WHAT IS NEEDED => Exactly the lines from the opening of the records through the line containing "Coque de Nacre" should be copied, with both included.

MATERIAL SUPPLIED =>
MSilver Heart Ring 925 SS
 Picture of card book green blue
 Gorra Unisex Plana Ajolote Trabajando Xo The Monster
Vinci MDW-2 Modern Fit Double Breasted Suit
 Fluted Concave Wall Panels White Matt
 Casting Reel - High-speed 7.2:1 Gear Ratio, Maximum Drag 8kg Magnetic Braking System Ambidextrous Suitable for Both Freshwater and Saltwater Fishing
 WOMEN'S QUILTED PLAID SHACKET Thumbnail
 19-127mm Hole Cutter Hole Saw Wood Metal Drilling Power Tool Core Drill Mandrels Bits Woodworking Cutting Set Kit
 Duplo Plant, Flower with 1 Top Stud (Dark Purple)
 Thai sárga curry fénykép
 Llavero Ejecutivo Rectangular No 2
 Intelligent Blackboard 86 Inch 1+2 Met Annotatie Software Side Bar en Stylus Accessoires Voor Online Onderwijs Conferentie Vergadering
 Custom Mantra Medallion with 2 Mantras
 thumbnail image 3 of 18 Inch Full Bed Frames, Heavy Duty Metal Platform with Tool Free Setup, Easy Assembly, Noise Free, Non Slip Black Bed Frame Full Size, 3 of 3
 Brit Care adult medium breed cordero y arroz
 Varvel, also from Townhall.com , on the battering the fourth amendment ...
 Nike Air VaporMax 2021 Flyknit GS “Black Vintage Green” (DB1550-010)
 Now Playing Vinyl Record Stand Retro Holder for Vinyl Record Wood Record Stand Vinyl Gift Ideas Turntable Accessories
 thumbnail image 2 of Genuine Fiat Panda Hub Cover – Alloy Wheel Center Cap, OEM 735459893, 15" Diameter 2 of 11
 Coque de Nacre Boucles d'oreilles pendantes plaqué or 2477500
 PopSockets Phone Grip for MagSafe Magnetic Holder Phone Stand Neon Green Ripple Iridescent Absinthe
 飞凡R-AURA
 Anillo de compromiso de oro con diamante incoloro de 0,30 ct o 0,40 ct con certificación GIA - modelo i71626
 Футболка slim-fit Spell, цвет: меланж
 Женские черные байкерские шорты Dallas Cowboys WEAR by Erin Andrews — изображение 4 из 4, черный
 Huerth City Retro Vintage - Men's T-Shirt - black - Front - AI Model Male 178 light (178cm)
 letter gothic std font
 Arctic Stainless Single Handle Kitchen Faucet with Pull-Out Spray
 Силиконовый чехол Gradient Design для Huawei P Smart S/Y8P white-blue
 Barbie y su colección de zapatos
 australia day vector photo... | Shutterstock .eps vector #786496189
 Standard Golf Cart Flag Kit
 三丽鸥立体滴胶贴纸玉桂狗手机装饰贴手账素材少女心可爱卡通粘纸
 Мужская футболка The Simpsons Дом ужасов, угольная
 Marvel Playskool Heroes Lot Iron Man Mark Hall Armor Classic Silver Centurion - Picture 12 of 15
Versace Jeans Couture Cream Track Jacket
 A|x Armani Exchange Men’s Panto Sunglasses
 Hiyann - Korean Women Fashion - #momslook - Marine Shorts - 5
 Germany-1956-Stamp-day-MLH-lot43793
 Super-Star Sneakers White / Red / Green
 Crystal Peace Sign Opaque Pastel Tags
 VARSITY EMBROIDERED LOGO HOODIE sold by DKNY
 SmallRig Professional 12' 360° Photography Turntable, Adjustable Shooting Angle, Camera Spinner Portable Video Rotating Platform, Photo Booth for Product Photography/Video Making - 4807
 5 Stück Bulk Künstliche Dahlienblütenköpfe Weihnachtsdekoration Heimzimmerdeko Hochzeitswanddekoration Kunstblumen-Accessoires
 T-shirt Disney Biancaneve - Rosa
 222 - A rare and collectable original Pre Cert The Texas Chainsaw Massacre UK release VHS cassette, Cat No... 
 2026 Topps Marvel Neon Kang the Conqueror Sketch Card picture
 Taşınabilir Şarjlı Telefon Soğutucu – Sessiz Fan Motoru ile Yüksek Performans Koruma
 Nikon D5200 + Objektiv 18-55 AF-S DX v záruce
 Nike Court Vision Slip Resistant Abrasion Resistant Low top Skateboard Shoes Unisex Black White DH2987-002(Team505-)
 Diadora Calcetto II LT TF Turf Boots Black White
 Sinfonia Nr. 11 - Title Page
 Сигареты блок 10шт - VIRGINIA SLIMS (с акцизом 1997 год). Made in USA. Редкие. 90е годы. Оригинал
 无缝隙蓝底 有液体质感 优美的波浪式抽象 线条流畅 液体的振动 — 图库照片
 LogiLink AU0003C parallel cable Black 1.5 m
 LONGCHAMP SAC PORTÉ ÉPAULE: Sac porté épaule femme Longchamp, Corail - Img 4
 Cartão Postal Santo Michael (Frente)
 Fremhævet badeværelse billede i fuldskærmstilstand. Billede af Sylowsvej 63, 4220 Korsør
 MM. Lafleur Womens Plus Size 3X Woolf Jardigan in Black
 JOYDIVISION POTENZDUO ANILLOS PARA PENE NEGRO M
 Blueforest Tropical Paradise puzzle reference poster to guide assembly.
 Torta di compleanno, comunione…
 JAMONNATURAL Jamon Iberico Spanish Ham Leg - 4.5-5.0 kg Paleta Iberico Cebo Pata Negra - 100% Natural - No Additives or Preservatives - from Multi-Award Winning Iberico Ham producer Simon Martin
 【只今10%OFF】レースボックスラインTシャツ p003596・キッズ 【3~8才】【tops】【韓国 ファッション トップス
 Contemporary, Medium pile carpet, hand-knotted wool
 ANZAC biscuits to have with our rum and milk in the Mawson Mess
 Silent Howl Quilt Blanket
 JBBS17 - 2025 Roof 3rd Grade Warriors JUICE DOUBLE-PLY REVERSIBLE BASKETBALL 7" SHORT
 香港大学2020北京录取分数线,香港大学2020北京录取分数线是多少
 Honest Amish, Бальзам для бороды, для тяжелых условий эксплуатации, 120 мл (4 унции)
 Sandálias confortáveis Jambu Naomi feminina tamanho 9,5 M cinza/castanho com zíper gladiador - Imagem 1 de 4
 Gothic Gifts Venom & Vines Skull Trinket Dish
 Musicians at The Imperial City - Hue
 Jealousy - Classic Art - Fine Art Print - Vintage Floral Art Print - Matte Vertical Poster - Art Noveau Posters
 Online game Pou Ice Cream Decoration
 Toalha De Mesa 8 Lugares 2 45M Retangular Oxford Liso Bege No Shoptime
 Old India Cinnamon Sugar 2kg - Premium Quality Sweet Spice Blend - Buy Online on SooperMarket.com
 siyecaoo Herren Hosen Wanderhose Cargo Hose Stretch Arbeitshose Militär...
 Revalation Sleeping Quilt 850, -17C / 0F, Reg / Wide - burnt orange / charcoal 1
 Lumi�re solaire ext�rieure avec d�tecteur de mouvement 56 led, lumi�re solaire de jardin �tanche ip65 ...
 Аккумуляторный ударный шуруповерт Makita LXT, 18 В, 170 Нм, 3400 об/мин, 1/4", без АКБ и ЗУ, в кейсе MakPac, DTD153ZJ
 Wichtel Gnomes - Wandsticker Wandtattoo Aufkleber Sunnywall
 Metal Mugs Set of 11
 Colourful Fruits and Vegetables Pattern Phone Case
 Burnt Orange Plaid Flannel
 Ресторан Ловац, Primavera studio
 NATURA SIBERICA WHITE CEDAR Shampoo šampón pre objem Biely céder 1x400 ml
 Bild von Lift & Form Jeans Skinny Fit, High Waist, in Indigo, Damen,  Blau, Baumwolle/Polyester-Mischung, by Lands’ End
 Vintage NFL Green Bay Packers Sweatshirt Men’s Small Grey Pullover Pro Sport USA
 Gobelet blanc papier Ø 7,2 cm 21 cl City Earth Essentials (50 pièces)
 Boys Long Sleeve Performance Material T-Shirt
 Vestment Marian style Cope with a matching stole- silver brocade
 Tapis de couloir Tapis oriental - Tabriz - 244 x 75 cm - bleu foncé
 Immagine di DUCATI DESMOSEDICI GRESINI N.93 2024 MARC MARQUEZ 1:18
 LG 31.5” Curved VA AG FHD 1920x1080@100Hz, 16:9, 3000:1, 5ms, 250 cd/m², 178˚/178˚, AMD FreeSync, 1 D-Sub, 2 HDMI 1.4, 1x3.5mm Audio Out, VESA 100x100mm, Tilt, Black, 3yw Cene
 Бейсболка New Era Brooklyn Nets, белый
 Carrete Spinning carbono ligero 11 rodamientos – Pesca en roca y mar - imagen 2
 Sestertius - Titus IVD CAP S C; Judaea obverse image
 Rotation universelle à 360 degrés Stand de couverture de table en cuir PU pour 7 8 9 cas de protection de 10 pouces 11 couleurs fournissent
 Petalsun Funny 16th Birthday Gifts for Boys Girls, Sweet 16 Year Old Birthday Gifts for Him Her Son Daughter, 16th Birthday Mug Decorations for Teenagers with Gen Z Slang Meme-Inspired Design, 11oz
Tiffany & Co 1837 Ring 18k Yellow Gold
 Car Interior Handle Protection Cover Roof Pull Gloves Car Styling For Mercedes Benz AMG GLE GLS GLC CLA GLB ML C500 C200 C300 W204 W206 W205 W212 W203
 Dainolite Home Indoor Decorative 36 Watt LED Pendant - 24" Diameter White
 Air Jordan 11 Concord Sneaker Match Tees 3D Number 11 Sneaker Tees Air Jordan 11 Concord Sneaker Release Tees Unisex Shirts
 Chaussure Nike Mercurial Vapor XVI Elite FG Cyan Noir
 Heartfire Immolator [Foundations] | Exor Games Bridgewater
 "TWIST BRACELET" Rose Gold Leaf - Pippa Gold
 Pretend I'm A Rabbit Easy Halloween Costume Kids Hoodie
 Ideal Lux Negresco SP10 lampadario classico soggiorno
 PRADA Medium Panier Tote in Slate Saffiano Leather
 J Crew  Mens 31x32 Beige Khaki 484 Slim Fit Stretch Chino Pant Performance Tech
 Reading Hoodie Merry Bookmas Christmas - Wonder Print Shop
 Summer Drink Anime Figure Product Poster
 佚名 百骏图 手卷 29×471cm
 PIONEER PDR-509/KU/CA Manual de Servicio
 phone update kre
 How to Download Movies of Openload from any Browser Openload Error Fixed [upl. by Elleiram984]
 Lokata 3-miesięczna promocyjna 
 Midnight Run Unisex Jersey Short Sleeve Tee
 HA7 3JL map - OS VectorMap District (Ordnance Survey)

TASK ANSWER =>
MSilver Heart Ring 925 SS
 Picture of card book green blue
 Gorra Unisex Plana Ajolote Trabajando Xo The Monster
Vinci MDW-2 Modern Fit Double Breasted Suit
 Fluted Concave Wall Panels White Matt
 Casting Reel - High-speed 7.2:1 Gear Ratio, Maximum Drag 8kg Magnetic Braking System Ambidextrous Suitable for Both Freshwater and Saltwater Fishing
 WOMEN'S QUILTED PLAID SHACKET Thumbnail
 19-127mm Hole Cutter Hole Saw Wood Metal Drilling Power Tool Core Drill Mandrels Bits Woodworking Cutting Set Kit
 Duplo Plant, Flower with 1 Top Stud (Dark Purple)
 Thai sárga curry fénykép
 Llavero Ejecutivo Rectangular No 2
 Intelligent Blackboard 86 Inch 1+2 Met Annotatie Software Side Bar en Stylus Accessoires Voor Online Onderwijs Conferentie Vergadering
 Custom Mantra Medallion with 2 Mantras
 thumbnail image 3 of 18 Inch Full Bed Frames, Heavy Duty Metal Platform with Tool Free Setup, Easy Assembly, Noise Free, Non Slip Black Bed Frame Full Size, 3 of 3
 Brit Care adult medium breed cordero y arroz
 Varvel, also from Townhall.com , on the battering the fourth amendment ...
 Nike Air VaporMax 2021 Flyknit GS “Black Vintage Green” (DB1550-010)
 Now Playing Vinyl Record Stand Retro Holder for Vinyl Record Wood Record Stand Vinyl Gift Ideas Turntable Accessories
 thumbnail image 2 of Genuine Fiat Panda Hub Cover – Alloy Wheel Center Cap, OEM 735459893, 15" Diameter 2 of 11
 Coque de Nacre Boucles d'oreilles pendantes plaqué or 2477500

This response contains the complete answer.